**** Task input ****

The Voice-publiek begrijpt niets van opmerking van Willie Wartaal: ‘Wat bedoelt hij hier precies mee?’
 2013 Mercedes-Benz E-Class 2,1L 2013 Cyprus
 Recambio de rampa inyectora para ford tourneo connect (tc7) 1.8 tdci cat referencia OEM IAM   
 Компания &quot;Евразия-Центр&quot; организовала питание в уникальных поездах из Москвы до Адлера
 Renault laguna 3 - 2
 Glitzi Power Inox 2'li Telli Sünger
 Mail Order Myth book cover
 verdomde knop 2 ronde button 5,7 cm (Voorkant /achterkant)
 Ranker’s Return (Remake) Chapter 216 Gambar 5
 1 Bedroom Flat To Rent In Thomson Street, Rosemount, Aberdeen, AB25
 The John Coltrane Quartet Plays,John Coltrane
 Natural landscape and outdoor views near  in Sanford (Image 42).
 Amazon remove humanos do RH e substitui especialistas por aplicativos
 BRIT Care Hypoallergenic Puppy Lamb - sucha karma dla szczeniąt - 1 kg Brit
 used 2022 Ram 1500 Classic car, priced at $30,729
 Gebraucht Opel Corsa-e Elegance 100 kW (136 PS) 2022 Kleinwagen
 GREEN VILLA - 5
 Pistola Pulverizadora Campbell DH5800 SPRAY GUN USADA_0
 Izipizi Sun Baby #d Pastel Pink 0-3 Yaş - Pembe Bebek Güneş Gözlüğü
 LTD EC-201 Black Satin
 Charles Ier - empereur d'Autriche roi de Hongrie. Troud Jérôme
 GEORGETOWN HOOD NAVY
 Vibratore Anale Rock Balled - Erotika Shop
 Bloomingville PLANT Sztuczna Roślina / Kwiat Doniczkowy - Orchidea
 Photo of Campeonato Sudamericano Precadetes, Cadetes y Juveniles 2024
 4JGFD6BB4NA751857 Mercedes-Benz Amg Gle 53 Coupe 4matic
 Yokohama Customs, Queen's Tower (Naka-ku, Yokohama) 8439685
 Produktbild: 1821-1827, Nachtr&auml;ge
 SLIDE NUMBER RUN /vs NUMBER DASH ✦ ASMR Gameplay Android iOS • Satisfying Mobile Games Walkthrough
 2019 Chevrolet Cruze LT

****

Nothing above should be left out. Print all the records exactly.

The Voice-publiek begrijpt niets van opmerking van Willie Wartaal: ‘Wat bedoelt hij hier precies mee?’
 2013 Mercedes-Benz E-Class 2,1L 2013 Cyprus
 Recambio de rampa inyectora para ford tourneo connect (tc7) 1.8 tdci cat referencia OEM IAM   
 Компания &quot;Евразия-Центр&quot; организовала питание в уникальных поездах из Москвы до Адлера
 Renault laguna 3 - 2
 Glitzi Power Inox 2'li Telli Sünger
 Mail Order Myth book cover
 verdomde knop 2 ronde button 5,7 cm (Voorkant /achterkant)
 Ranker’s Return (Remake) Chapter 216 Gambar 5
 1 Bedroom Flat To Rent In Thomson Street, Rosemount, Aberdeen, AB25
 The John Coltrane Quartet Plays,John Coltrane
 Natural landscape and outdoor views near  in Sanford (Image 42).
 Amazon remove humanos do RH e substitui especialistas por aplicativos
 BRIT Care Hypoallergenic Puppy Lamb - sucha karma dla szczeniąt - 1 kg Brit
 used 2022 Ram 1500 Classic car, priced at $30,729
 Gebraucht Opel Corsa-e Elegance 100 kW (136 PS) 2022 Kleinwagen
 GREEN VILLA - 5
 Pistola Pulverizadora Campbell DH5800 SPRAY GUN USADA_0
 Izipizi Sun Baby #d Pastel Pink 0-3 Yaş - Pembe Bebek Güneş Gözlüğü
 LTD EC-201 Black Satin
 Charles Ier - empereur d'Autriche roi de Hongrie. Troud Jérôme
 GEORGETOWN HOOD NAVY
 Vibratore Anale Rock Balled - Erotika Shop
 Bloomingville PLANT Sztuczna Roślina / Kwiat Doniczkowy - Orchidea
 Photo of Campeonato Sudamericano Precadetes, Cadetes y Juveniles 2024
 4JGFD6BB4NA751857 Mercedes-Benz Amg Gle 53 Coupe 4matic
 Yokohama Customs, Queen's Tower (Naka-ku, Yokohama) 8439685
 Produktbild: 1821-1827, Nachtr&auml;ge
 SLIDE NUMBER RUN /vs NUMBER DASH ✦ ASMR Gameplay Android iOS • Satisfying Mobile Games Walkthrough
 2019 Chevrolet Cruze LT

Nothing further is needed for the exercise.